Obviously there are many people more savvy than me thinking about how to "change the culture" to make palliative care the norm, but the concept of reputation advertising is relevant to our field and it seems to make sense that this would be a nationwide endeavor rather than institution specific. In other words, instead of trying to convince a patient with metastatic colon cancer and his oncologist in Springfield, Anywhere that he should consider seeing a palliative care service at Springfield General, the advertising message should be aimed at all the healthy people out there everywhere who occasionally think of what it would be like to have a life-limiting illness.* Expectations should be created that counter-balance the message of "we'll cure you and you'll be fine" including:
- We'll help you find the breadth of hope (and there's room to include the hope for as long of a life as possible). Improved quality of life is a big part of this but it's not improving QOL for it's own sake but for the sake of hope.
- The mere possibility of death strikes fear in the heart but the act of preparing for it can reduce that fear (and, in fact, the preparation can be a source of hope).
- Your loved ones are very important to you and therefore, to us as well. (Sounds like an ad for life-insurance, I know...)
The NYT article describes the efforts to put limits on the type of advertising described.

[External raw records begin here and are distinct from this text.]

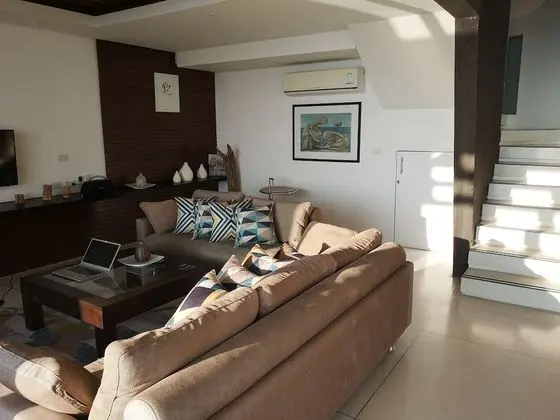 Luxury Villa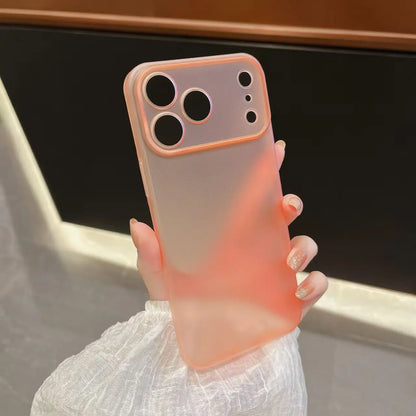 Sorux Matt Air Case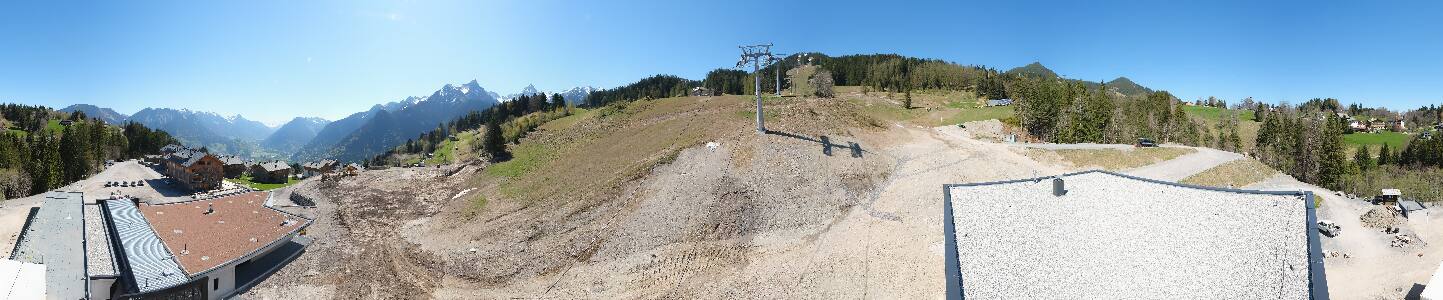 Bikepark Brandnertal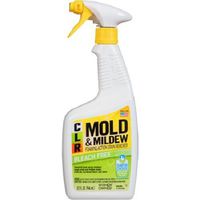 CLR Mold and Mildew Stain Remover, 32 Ounce (Pack of 3)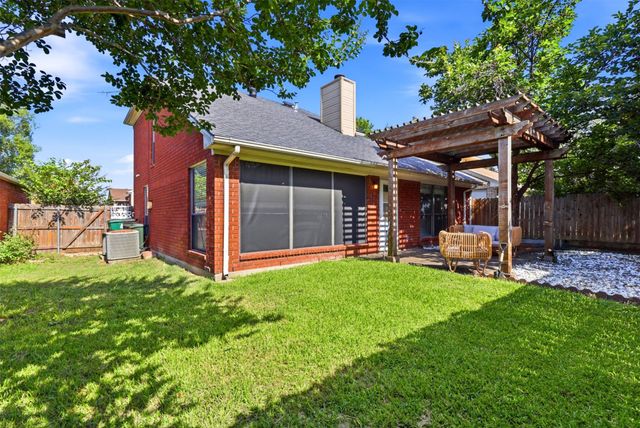 6909 Tudor Drive, Plano, TX 75023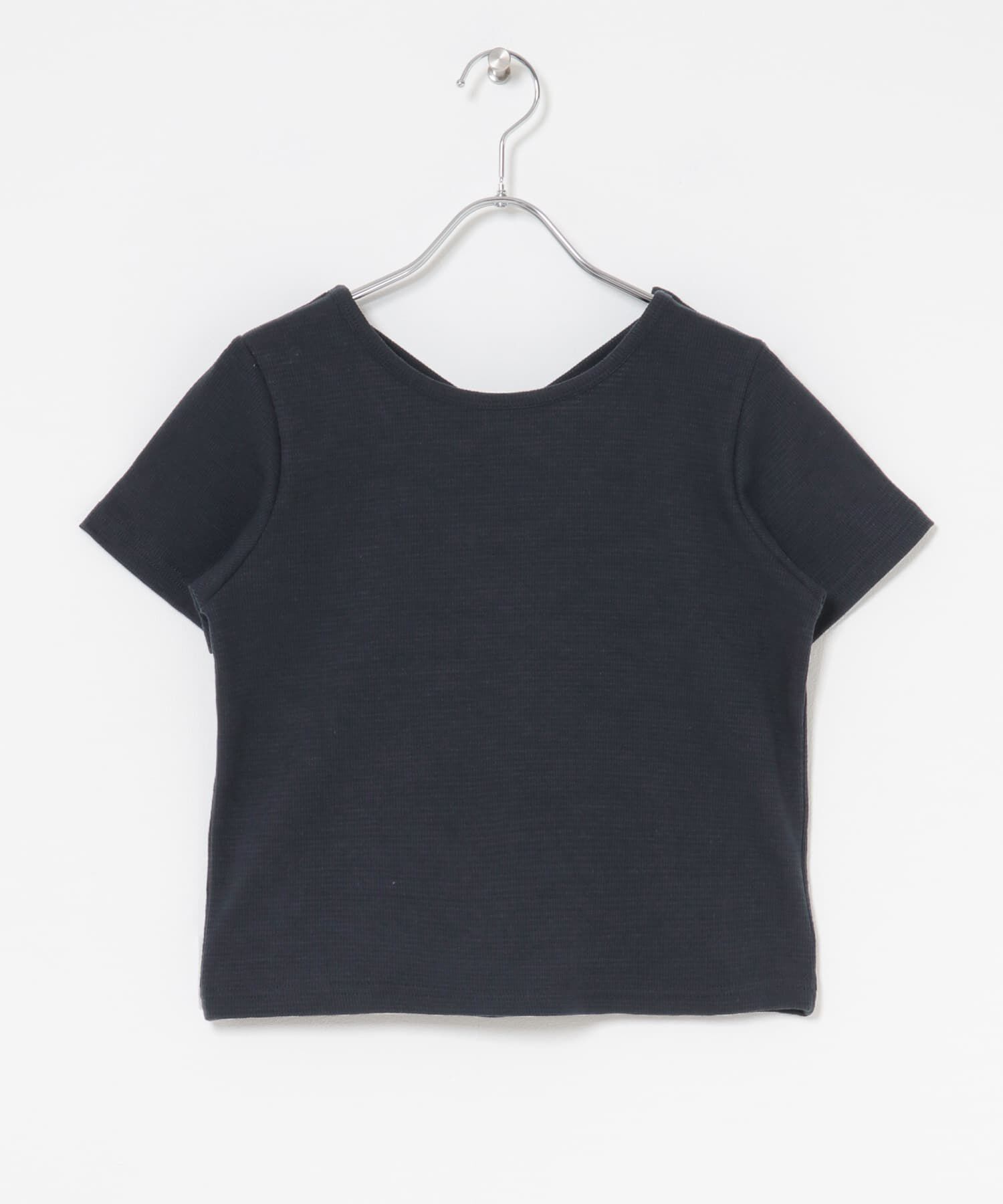  「バッククロスTEE」|Tシャツ・カットソー|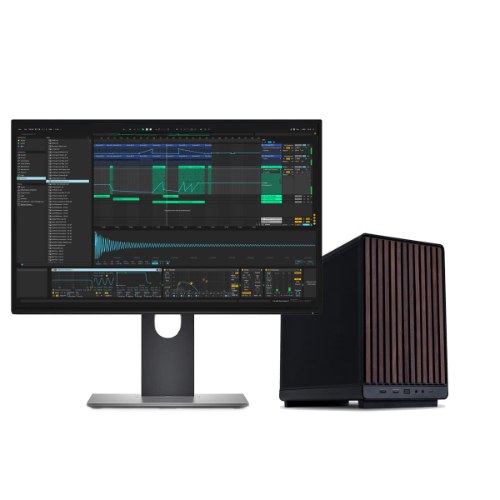 Studio Pro Mk5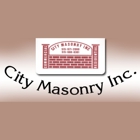 City Masonry Inc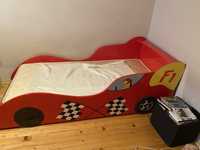 Италиаско легло Кола Formula-1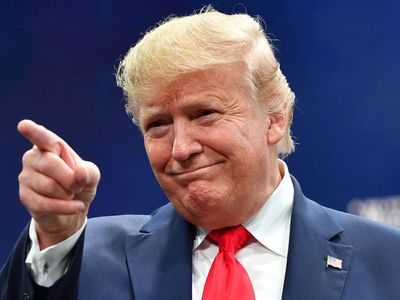 Trump'a ait olduğu iddia edilen çıplak fotoğraflar ortalığı fena karıştırdı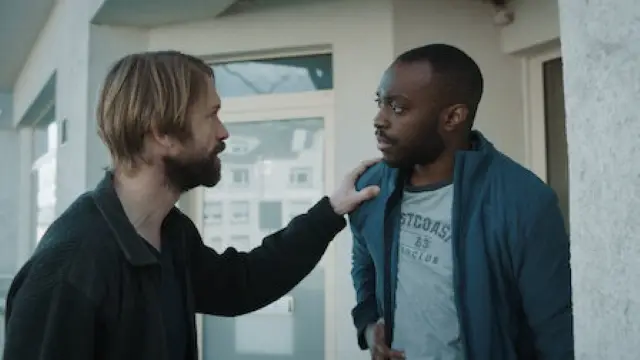 Consulter les informations sur l'épisode Que ton sourire s’efface enfin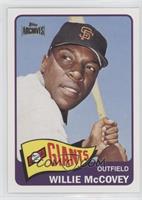 Willie McCovey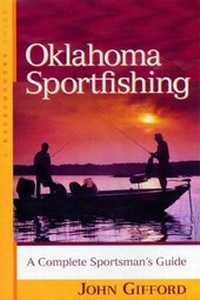 Abbildung von: Oklahoma Sportfishing - Countryman Press Inc.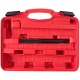 Kit de montage de bagues, roulements et joints MECHANIC SEAL 1, 52 pièces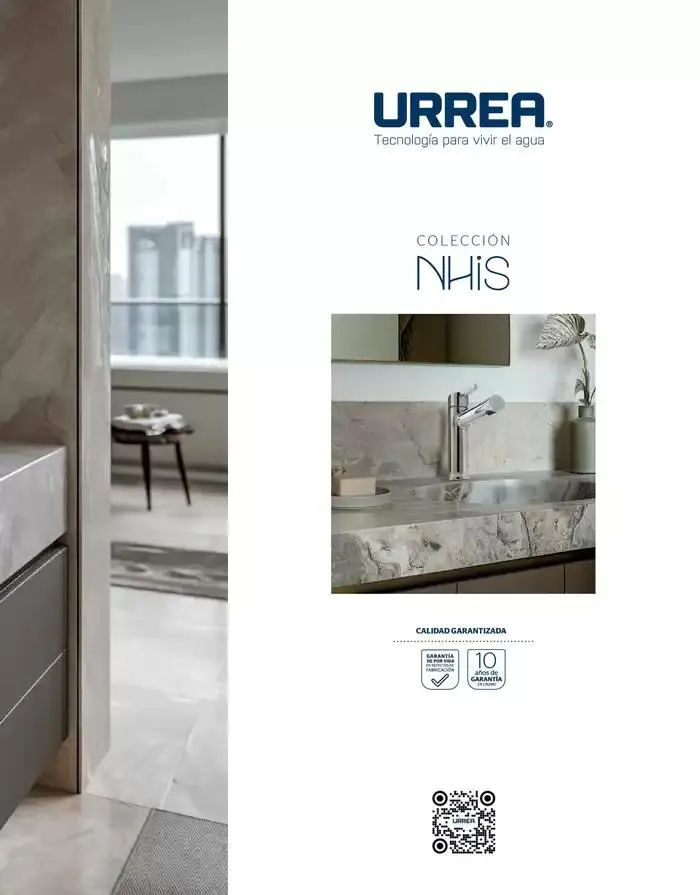 Catálogo de Catálogo Residencial 2025 28 de febrero al 28 de febrero 2026 - Pagina 125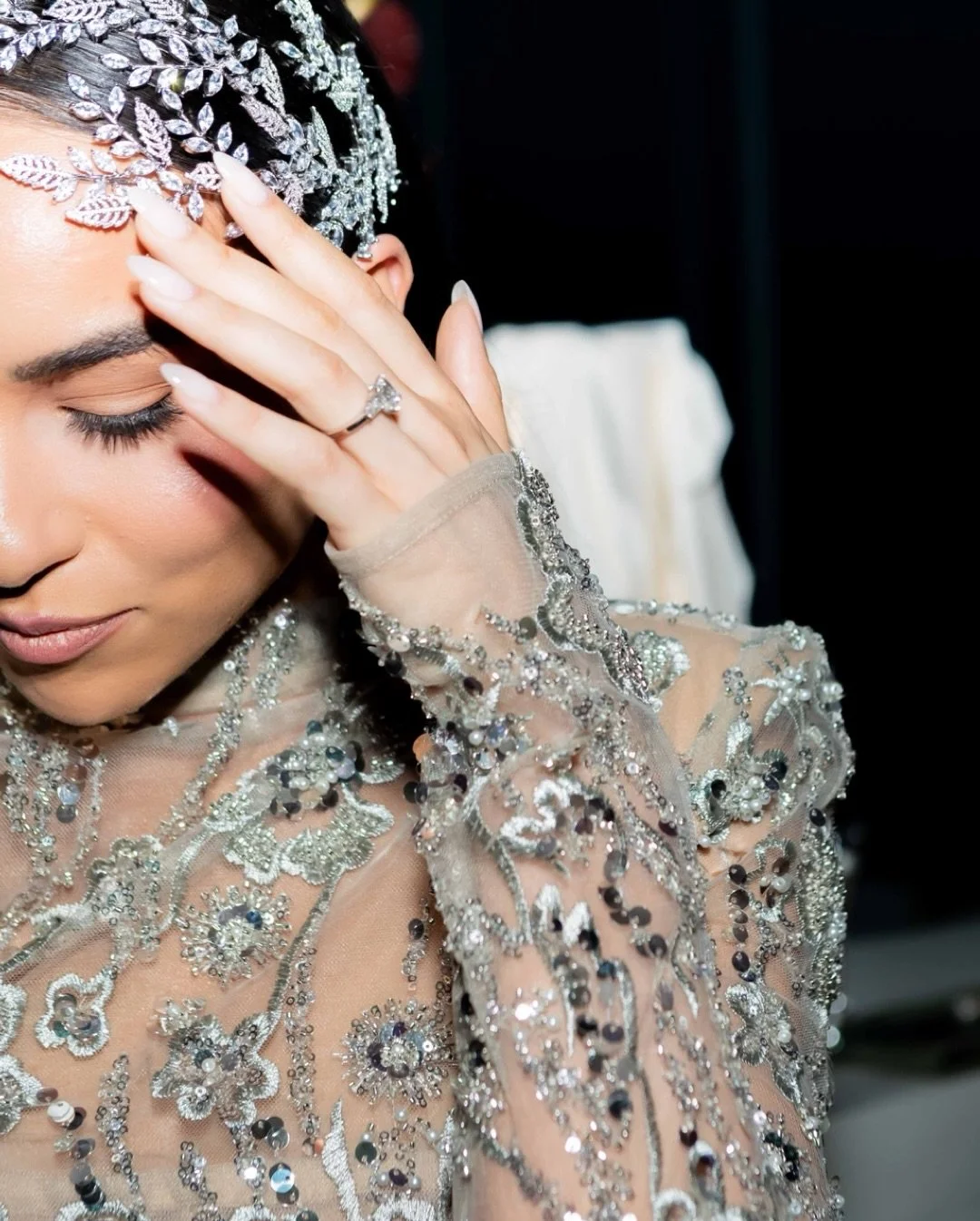 Engagement party at Bayti, Sydney ✨
Modern, editorial, real moments.
Photography: KOLMIN Photography

🏷️ 
Bayti Sydney, engagement party, Sydney event photographer, editorial photography, flash photography, couple portraits, KOLMIN Photography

For a colorful description of the history of advertising in medicine, I'd recommend this article.
And for more Pallimed discourse on the topic of hope, see here.
*Individual palliative care teams need to take a different advertising approach aimed at referring providers locally, but certainly providers aren't immune to nationwide advertising schemes. I'd be curious to know how Lipitor advertisements during major sporting events influence physician practice (besides the effect of more patients "asking their doctor about Lipitor.") Of course, when consumer demand for Lipitor goes up, Pfizer can just crank up the manufacturing lines...it's a separate dilemma for the field of palliative care, but might be a good one.